** SUPPLIED DATA **
Segment Open
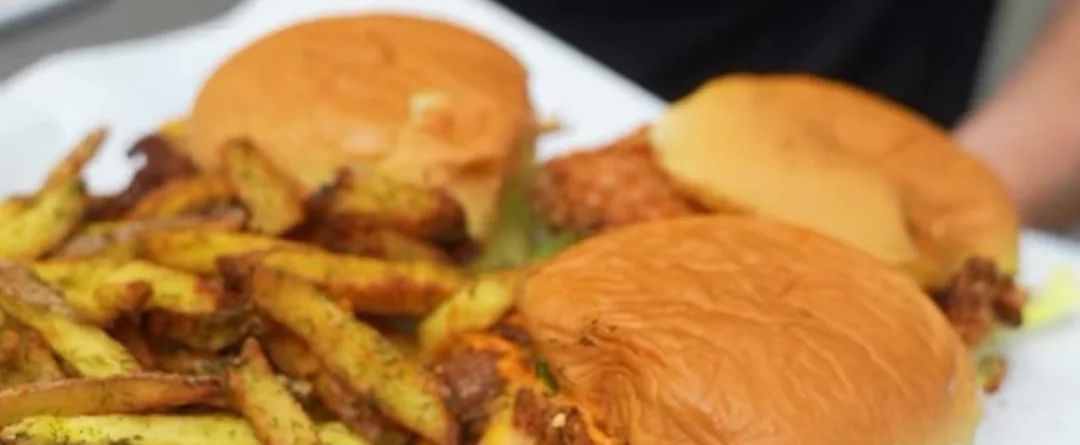 Smash Burger mit Loaded Fries auf dem Tablett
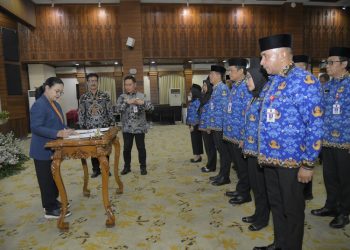 Wali Kota Semarang Lantik 12 Kepala OPD, Ini Daftar Namanya - Harianmuria Wali Kota Semarang Lantik 12 Kepala OPD, Ini Daftar Namanya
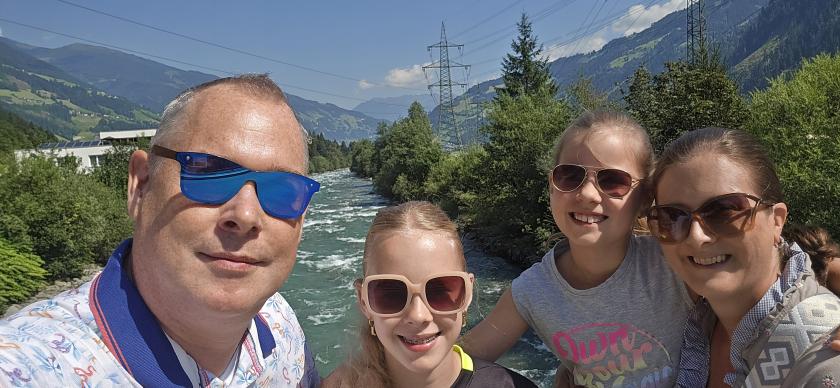 Marc, Silvia en hun dochters - Carnavalshart 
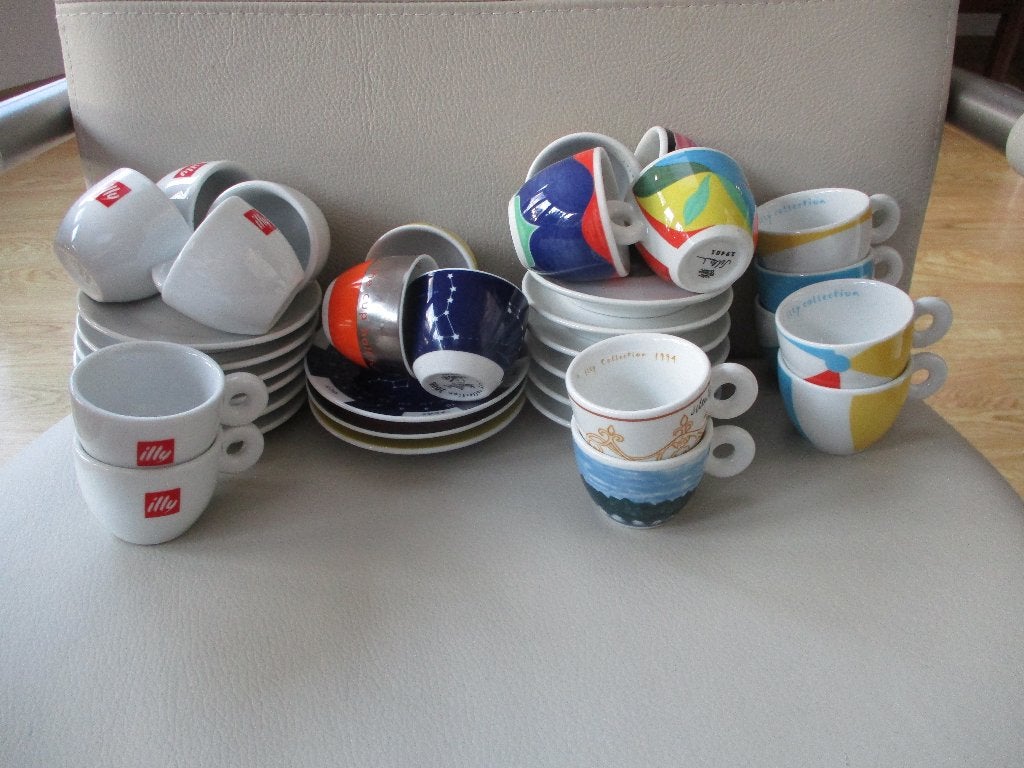 Illy - porselein - Collection - espresso, Overige typen, Ophalen of Verzenden, Zo goed als nieuw, Meerkleurig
Segment Closed
** PROMPT **
Would you retype the listing above exactly, omitting its pictures?

** REPLY TO THE EXERCISE **
 Smash Burger mit Loaded Fries auf dem Tablett
 Wali Kota Semarang Lantik 12 Kepala OPD, Ini Daftar Namanya - Harianmuria Wali Kota Semarang Lantik 12 Kepala OPD, Ini Daftar Namanya
 Marc, Silvia en hun dochters - Carnavalshart 
 Illy - porselein - Collection - espresso, Overige typen, Ophalen of Verzenden, Zo goed als nieuw, Meerkleurig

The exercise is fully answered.